初のトランスコーダー搭載機で、Wチューナ、Wトランスコードが可能な「PIX-DT230-PE0」

 「トランスコード録画できる製品を出せた事で、キャプチャ市場はもう一度巻き返せる形になりました。2011年くらいですね。アナログ停波時期と重なり、アナログチューナ製品を使っていた人が、デジタルチューナに乗り換える時期でもありました。その時に、ある程度利便性が高くなった地デジTVキャプチャ製品を供給できたのは良かったと思います」(木村氏)。

 また、トランスコーダを使った製品の流れは、PC向けチューナの新しい形である「ワイヤレスチューナ」にも繋がっていく。ピクセラは、富士通のPC向けにワイヤレスチューナを開発。薄型化したノートPCにチューナを搭載するスペースが無いのであれば、“ネットワーク経由でテレビ放送を観よう”という考え方。ノートPCにアンテナケーブルを接続する必要がないという利点もある。

 「ネットワーク経由であればスマートフォンやタブレットでもTVが見られるのでは? と、iOSにも対応させようとしました。私はそちらの開発には参加していませんが、非常に苦労していましたね。アップルの認証取得や、iOSで(放送のMPEG-2からトランスコードした)MPEG-4 AVC/H.264をデコードするのも大変だったようです。もちろん、その際のハードもアプリも自社開発です」(木村氏)。

 ノートPCでのTV鑑賞を便利にしようと開発されたトランスコーダ搭載キャプチャが、結果的にスマホやタブレット向けワイヤレスチューナへと発展していくのは面白い。ノートPCの役割の一部が、タブレットに置き換わっていく現状において、チューナの利用層を拡大する事にもなっているだろう。

 では、スマホやタブレットでワイヤレスTVチューナ製品を使っている人が増加し、ノートPCやデスクトップPCで利用している人は減少しているのだろうか?

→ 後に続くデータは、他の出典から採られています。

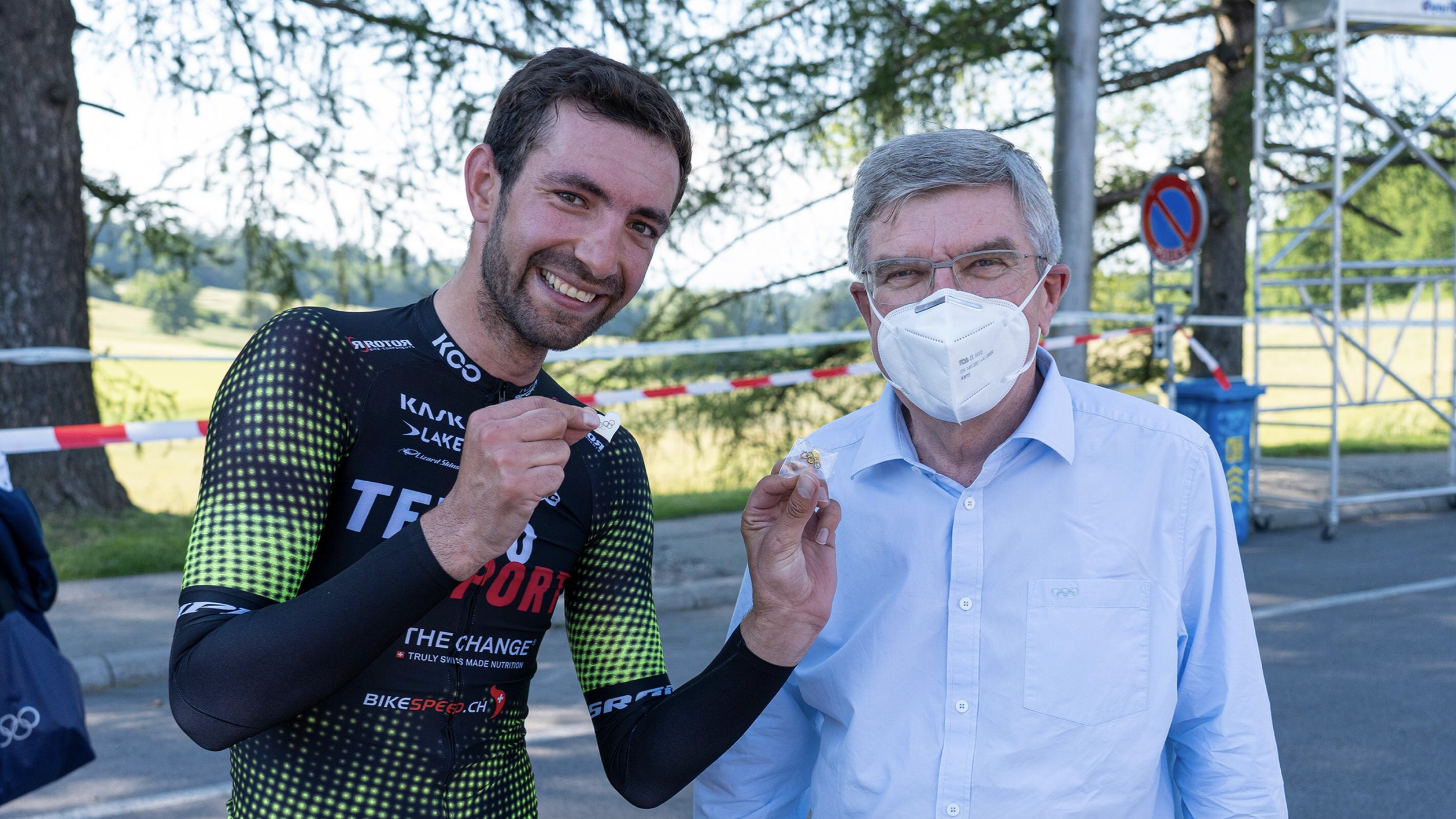  Thomas Bach, president of the International Olympic Committee (IOC), right, was at the Swiss National Cycling Time Trials to support Ahmad Badreddin Wais, one of the newly selected athletes on the IOC Refugee Olympic Team Tokyo 2020. June 16, 2021, Lausanne, Switzerland (Photo courtesy IOC) Posted for media use 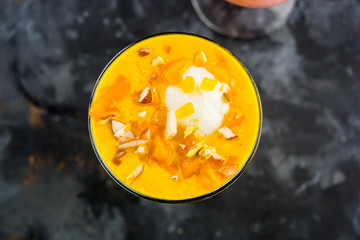 Falooda / Faluda is a popular Indian dessert - Strawberry and Mango flavoured which has Ice cream, noodles, sweet basil seeds and nuts, selective focus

 遠藤氏は意外な事実を口にする。「我々の製品ラインナップで、現在、一番売れているのはUSB接続するスティック型の低価格地デジチューナ『PIX-DT300』です。これはWindowsとAndroid端末で利用できます。ワイヤレスチューナとしてはWindows/Android/iOSで利用できる『PIX-BR310W/BR310L』などがありますが、実は2番目に売れているのは、PCIExpress接続の内蔵型『PIX-DT460』なのです。その次が、ワイヤレスチューナと、USB接続の3波チューナですね」。

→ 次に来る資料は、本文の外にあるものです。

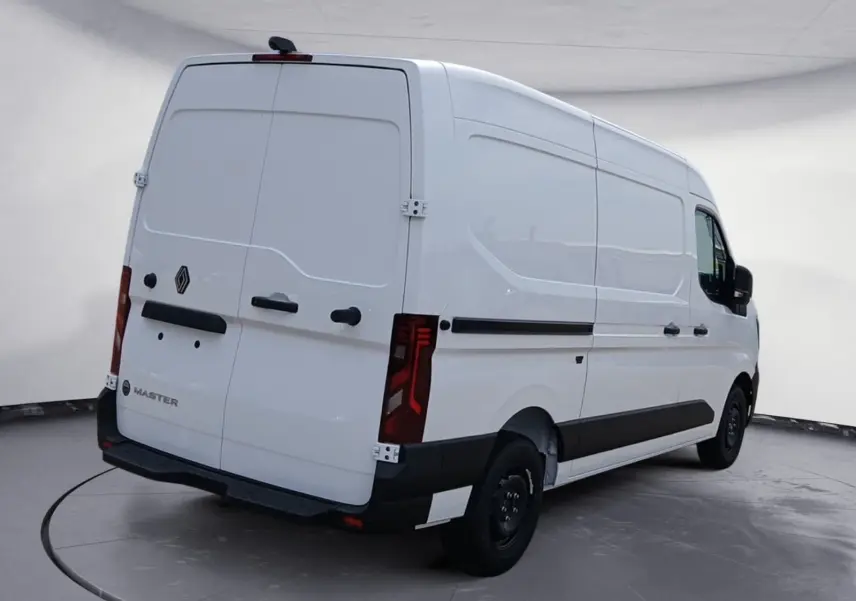 Vue 3/4 arrière droite d’un utilitaire Renault Master blanc avec portes arrière fermées et feux arrière allongés.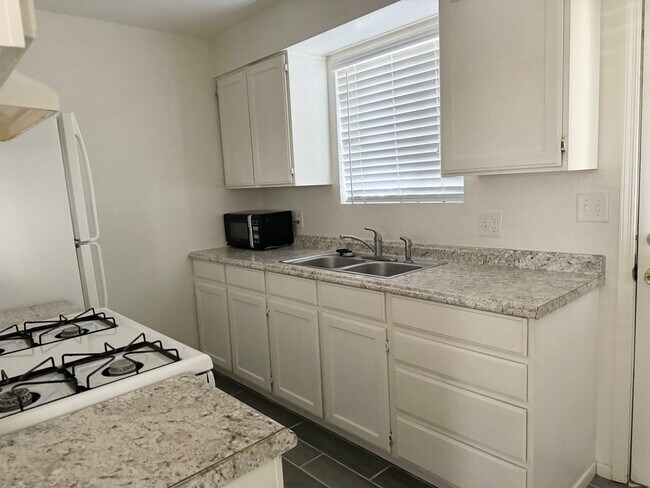 Building Photo - LONG TERM 2BD/1.5 BATH 2-STORY CONDO AVAIL...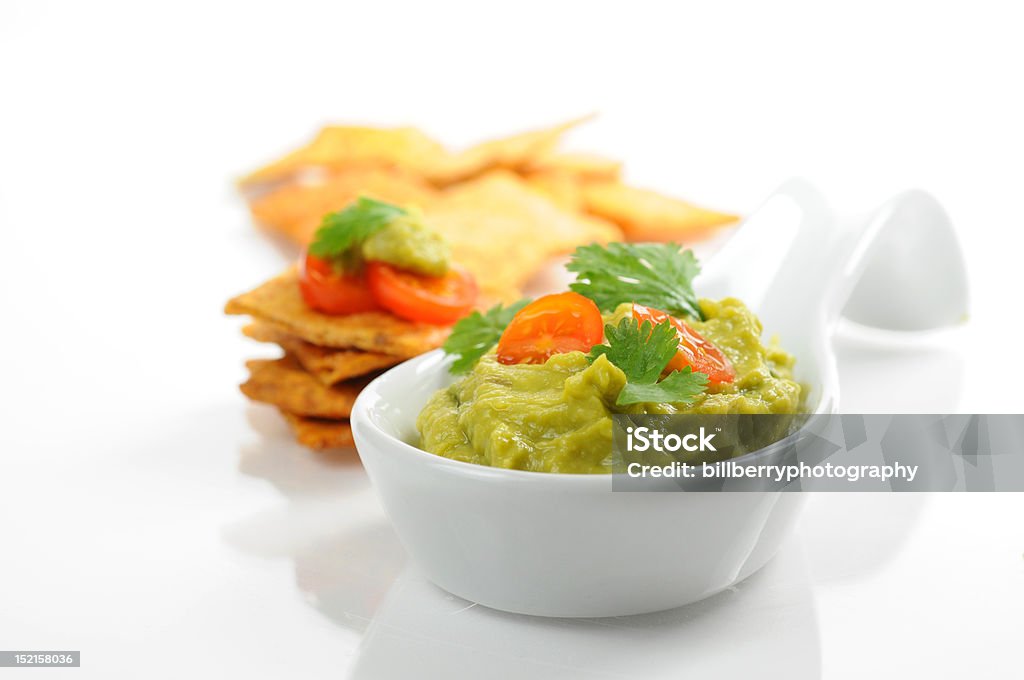 Guacamole Fresh homemade guacamole served with backed chips. Bowl Stock Photo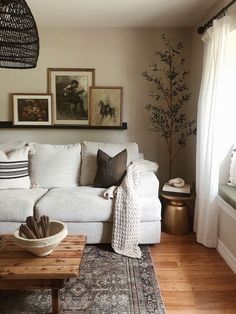 a living room with white couches and pictures on the wall above it's coffee table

Android/Windows向け「PIX-DT300」
PCIExpress接続の内蔵型「PIX-DT460」

 内蔵型キャプチャカードがそんなに売れているというのは意外な気もするが、遠藤氏は「大きな自作PCブームはもう来ないかもしれませんが、自作PC向けのお店さんもまだ沢山いらっしゃいますので」と笑う。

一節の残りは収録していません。